**DATA:**
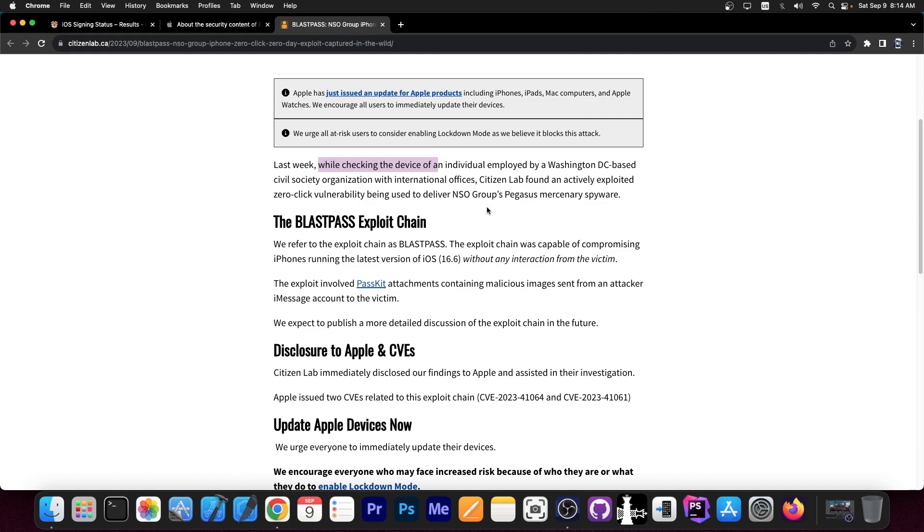It means that this vulnerability is quite powerful and it's capable of escaping the sandbox, it's capable of doing root access, it's capable of maybe running arbitrary code with kernel privileges. So it's basically like a jailbreak but a covert one.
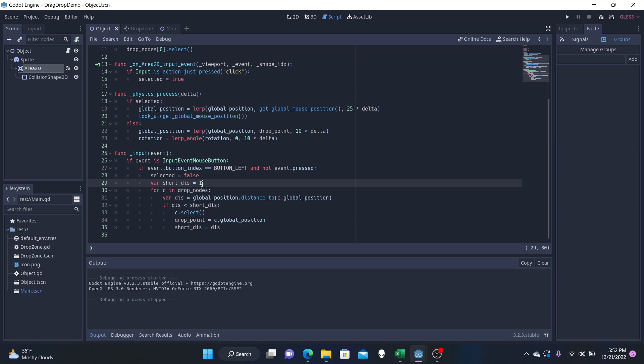So you really want this number to be close to the radius. You can have it be like 110 to be a little more just in case so that they can get right on the edge and still snap to the zone. That's okay as well.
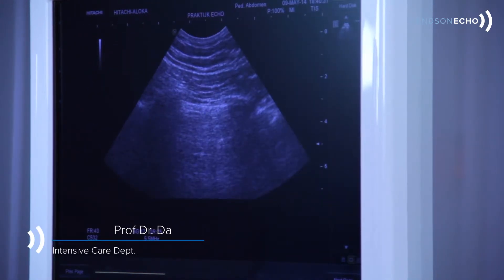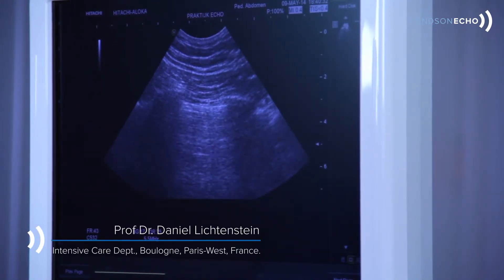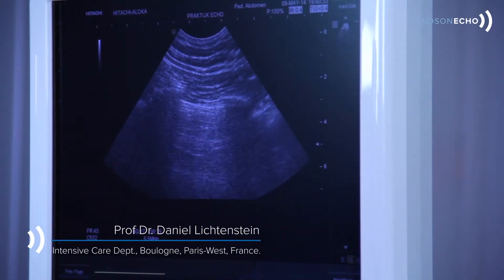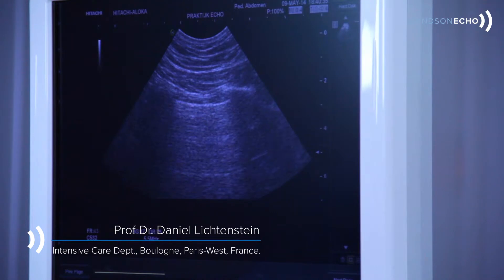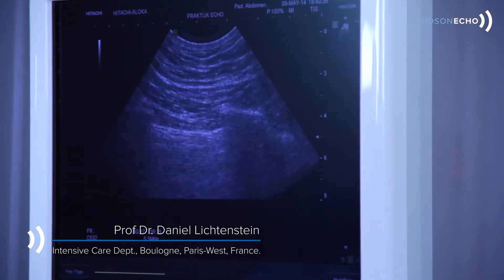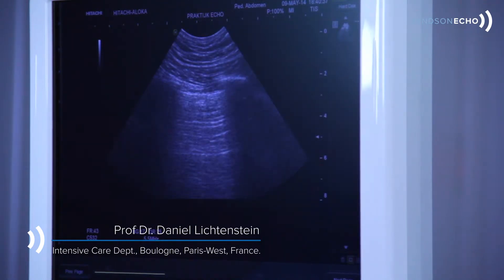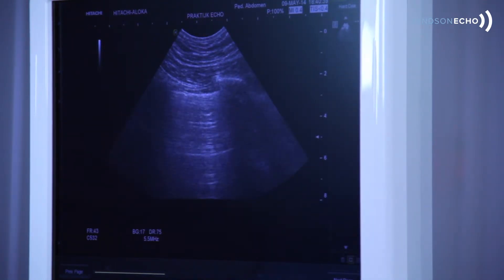Let's go into B mode, let's decrease the field, and here I can freeze the image.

**EXERCISE INSTRUCTIONS:** Write out the material above once more, exactly as it reads, with no pictures.

**ANSWER TO THE EXERCISE:**
It means that this vulnerability is quite powerful and it's capable of escaping the sandbox, it's capable of doing root access, it's capable of maybe running arbitrary code with kernel privileges. So it's basically like a jailbreak but a covert one.
So you really want this number to be close to the radius. You can have it be like 110 to be a little more just in case so that they can get right on the edge and still snap to the zone. That's okay as well.
Let's go into B mode, let's decrease the field, and here I can freeze the image.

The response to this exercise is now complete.